Unfamiliar Road

When I divorced six years ago, I didn't know what the road ahead would look like.  I didn't know what the twists and turns would be or the mistakes I would make along the way.  I didn't know how long it would take to mend my broken heart or to overcome all that I endured.  There were so many uncertainties and unknowns because I had never walked that road before.  Walking into divorce, the path was lonely and dark.  All because the roads were all so unfamiliar.

Looking back,  I can see the mistakes I made along the way.  I can see where I fell short or where I could have handled something a little different.  I can see where I should have stood up for myself or where I should have let something roll off my shoulders.  Looking back, I can see the lessons learned and the wisdom gained from each and every situation that arose.  I can not change what happened along the way, but what I can change is how things are handled in the future.
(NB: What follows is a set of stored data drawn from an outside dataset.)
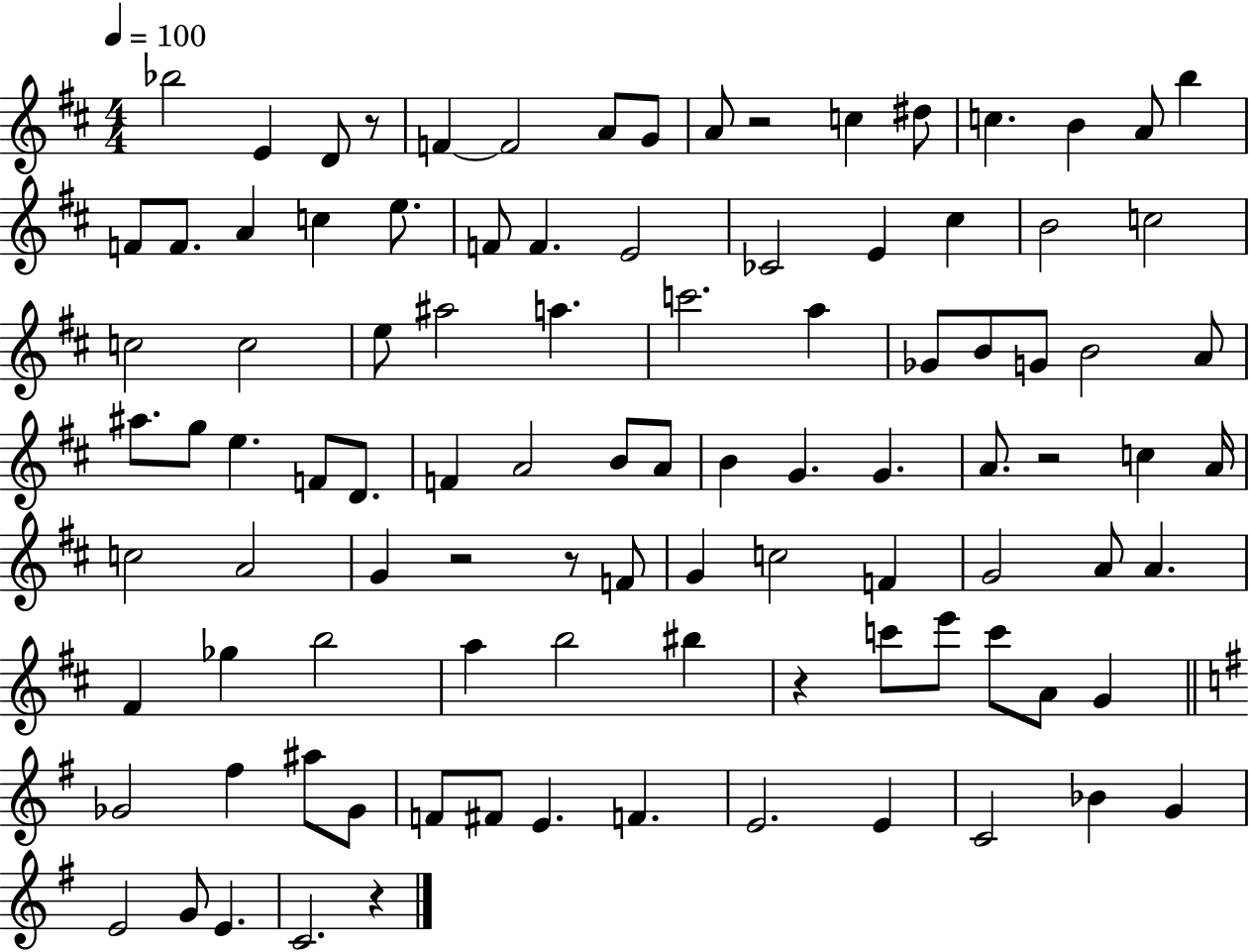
X:1
T:Untitled
M:4/4
L:1/4
K:D
_b2 E D/2 z/2 F F2 A/2 G/2 A/2 z2 c ^d/2 c B A/2 b F/2 F/2 A c e/2 F/2 F E2 _C2 E ^c B2 c2 c2 c2 e/2 ^a2 a c'2 a _G/2 B/2 G/2 B2 A/2 ^a/2 g/2 e F/2 D/2 F A2 B/2 A/2 B G G A/2 z2 c A/4 c2 A2 G z2 z/2 F/2 G c2 F G2 A/2 A ^F _g b2 a b2 ^b z c'/2 e'/2 c'/2 A/2 G _G2 ^f ^a/2 _G/2 F/2 ^F/2 E F E2 E C2 _B G E2 G/2 E C2 z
The growth and the wisdom that we take away from our mistakes and failures- or even our victories, are essential for the future.  It'll have us do one of two things.  It'll either catapult us to want to be better Christ Followers and strive to always do what's right no matter how hard that may be.  Or, those trials will just want to make us get even-causing as much pain and destruction along the way; hurting anyone in the path.  It has the potential to motivate us to become better people.  It has the ability to allow us to love those who are hurting in a way we couldn't before.  Our trials open our eyes to things once unseen.  It has the ability to shake us to the core and change us in a way where we don't want to fall short ever again.  Those lessons learned and wisdom gained could one day help someone who may be just starting their own journey down a hard road.

No-one is exempt from making mistakes or failing.  No-one is exempt from saying something we shouldn't have.  From hurting someone because they once hurt us.  Everyone falls short somewhere along the line.  But my questions is, what are you doing with your mistakes and failures today?  Are you using them to always strive to do what's right no matter how hard that may be? Or, are you using them to get even?